Small dumbbells are versatile and easy to use and help you create a variety of workouts to achieve different fitness goals. You can improve muscle strength, increase muscular endurance or burn calories using dumbbells. Understanding a few basics about dumbbells will help you use them more effectively to reach your exercise goals.
Muscle-Building/Toning Workouts
If you have little or no arm strength, using 5-lb. dumbbells can help you begin to build some muscles. The myth of toning leads people to believe that using dumbbells or performing other resistance exercises somehow helps "lift" or "shape" muscles. Unfortunately, if your muscles are covered with fat, lifting weights won't change that, unless you do enough to burn those fat calories off.
To get the most muscle-building benefit from small dumbbells, perform repetitions slowly, without straightening your arm all the way when you lower weights. This will require you to use more muscular effort to resist the weight, and keep tension in your muscles the entire time. To create helpful isometric muscle contractions, hold one weight still while you use the other.

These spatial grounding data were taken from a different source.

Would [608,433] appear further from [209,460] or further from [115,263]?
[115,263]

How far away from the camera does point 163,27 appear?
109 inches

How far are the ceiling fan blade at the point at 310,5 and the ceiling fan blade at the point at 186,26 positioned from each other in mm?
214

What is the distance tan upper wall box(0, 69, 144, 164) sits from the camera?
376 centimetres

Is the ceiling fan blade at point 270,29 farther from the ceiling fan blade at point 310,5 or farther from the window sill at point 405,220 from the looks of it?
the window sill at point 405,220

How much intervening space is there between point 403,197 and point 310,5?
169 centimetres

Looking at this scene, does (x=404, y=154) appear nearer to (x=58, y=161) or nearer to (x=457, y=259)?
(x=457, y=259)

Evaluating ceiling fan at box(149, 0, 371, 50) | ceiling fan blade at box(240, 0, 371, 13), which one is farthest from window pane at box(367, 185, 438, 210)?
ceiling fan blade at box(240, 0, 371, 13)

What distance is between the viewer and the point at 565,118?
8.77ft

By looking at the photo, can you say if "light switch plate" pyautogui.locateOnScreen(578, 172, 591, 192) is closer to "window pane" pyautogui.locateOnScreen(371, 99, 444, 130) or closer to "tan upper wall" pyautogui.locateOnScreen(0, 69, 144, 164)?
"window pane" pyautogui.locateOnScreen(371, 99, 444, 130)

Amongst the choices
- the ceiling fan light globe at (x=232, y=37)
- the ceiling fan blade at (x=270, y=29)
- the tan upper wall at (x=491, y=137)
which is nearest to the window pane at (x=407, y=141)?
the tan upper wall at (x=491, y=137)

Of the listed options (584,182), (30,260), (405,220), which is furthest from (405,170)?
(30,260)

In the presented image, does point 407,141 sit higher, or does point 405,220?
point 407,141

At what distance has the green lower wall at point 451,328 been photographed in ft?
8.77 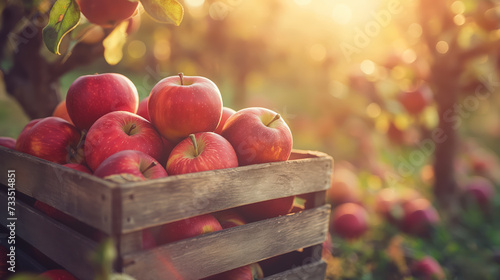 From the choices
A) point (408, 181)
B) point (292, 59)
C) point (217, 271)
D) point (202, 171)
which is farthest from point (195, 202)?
point (292, 59)

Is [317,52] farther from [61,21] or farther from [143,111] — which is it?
[61,21]

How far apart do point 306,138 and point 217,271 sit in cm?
407

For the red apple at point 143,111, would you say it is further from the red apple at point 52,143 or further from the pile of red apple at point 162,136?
the red apple at point 52,143

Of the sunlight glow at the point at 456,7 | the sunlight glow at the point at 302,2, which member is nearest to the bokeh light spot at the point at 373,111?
the sunlight glow at the point at 456,7

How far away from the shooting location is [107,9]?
1.45 metres

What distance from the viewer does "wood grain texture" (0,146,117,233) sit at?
3.23 feet

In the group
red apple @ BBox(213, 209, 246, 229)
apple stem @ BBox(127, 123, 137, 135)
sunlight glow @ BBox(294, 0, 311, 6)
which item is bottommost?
red apple @ BBox(213, 209, 246, 229)

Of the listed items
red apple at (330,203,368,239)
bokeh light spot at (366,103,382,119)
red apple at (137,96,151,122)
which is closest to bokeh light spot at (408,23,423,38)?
bokeh light spot at (366,103,382,119)

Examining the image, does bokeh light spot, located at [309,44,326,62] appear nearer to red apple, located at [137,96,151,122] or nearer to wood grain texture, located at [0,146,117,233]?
red apple, located at [137,96,151,122]

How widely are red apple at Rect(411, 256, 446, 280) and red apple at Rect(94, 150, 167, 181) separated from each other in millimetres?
1642

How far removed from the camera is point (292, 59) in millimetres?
5352

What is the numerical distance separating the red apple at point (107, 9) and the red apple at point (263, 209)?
2.62 ft

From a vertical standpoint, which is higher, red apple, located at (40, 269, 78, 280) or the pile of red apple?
the pile of red apple

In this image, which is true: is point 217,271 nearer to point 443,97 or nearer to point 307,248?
point 307,248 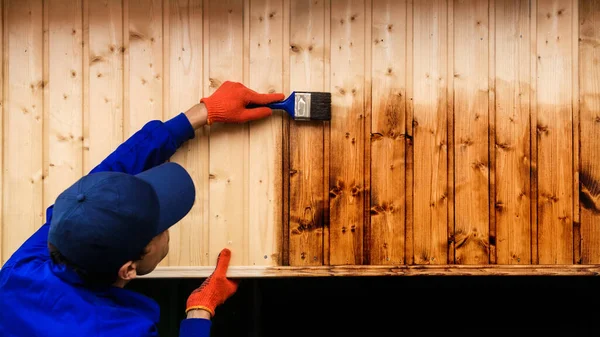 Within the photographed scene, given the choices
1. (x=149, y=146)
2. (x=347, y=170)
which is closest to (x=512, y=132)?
(x=347, y=170)

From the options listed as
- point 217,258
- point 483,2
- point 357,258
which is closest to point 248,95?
point 217,258

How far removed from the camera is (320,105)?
1.67m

For example, during biceps curls, perform repetitions with one arm while you hold a dumbbell parallel to the floor in the other. You should begin to feel a burning in the stationary arm, which means you are getting a benefit.
Muscular Endurance Workouts
To improve your ability to use your muscles for longer periods, perform circuit training workouts. Move from exercise to exercise, performing 10 to 12 repetitions of an exercise, then taking a break, then starting a new exercise. If you have very light dumbbells, add more repetitions of each exercise to challenge your muscles.
Cardio Workouts
To burn calories while you work your arms, increase the pace of a circuit training workout to raise your heart rate. Perform exercises by time, such as a minute or two minutes, rather than by counting reps. Add arm exercises to dance moves, jogging, using a treadmill or exercise bike or by themselves.
Arm Exercises
In addition to the basic biceps curl, add triceps extensions and kickbacks, chest flyes and presses, arm raises and rows to your workouts. To perform triceps extensions, hold the dumbbell behind your back, over your shoulder, with your palm facing your back. Raise your arm over your head, turning your forearm out so your palm finishes facing forward. To add isometric contractions to this exercise, hold your second arm behind your back without moving it while you work your other arm. Don't let hit hang limp; keep it partially bent so you keep tension in it.
For rows and kickbacks, kneel on a bench and steady yourself with one hand. For rows, hang your arm straight down, then lift the dumbbell toward your chest. To work your triceps with kickbacks, start with your arm bent, with the weight near your chest. Straighten your arm backward, hold the weight for two seconds, then bring it forward.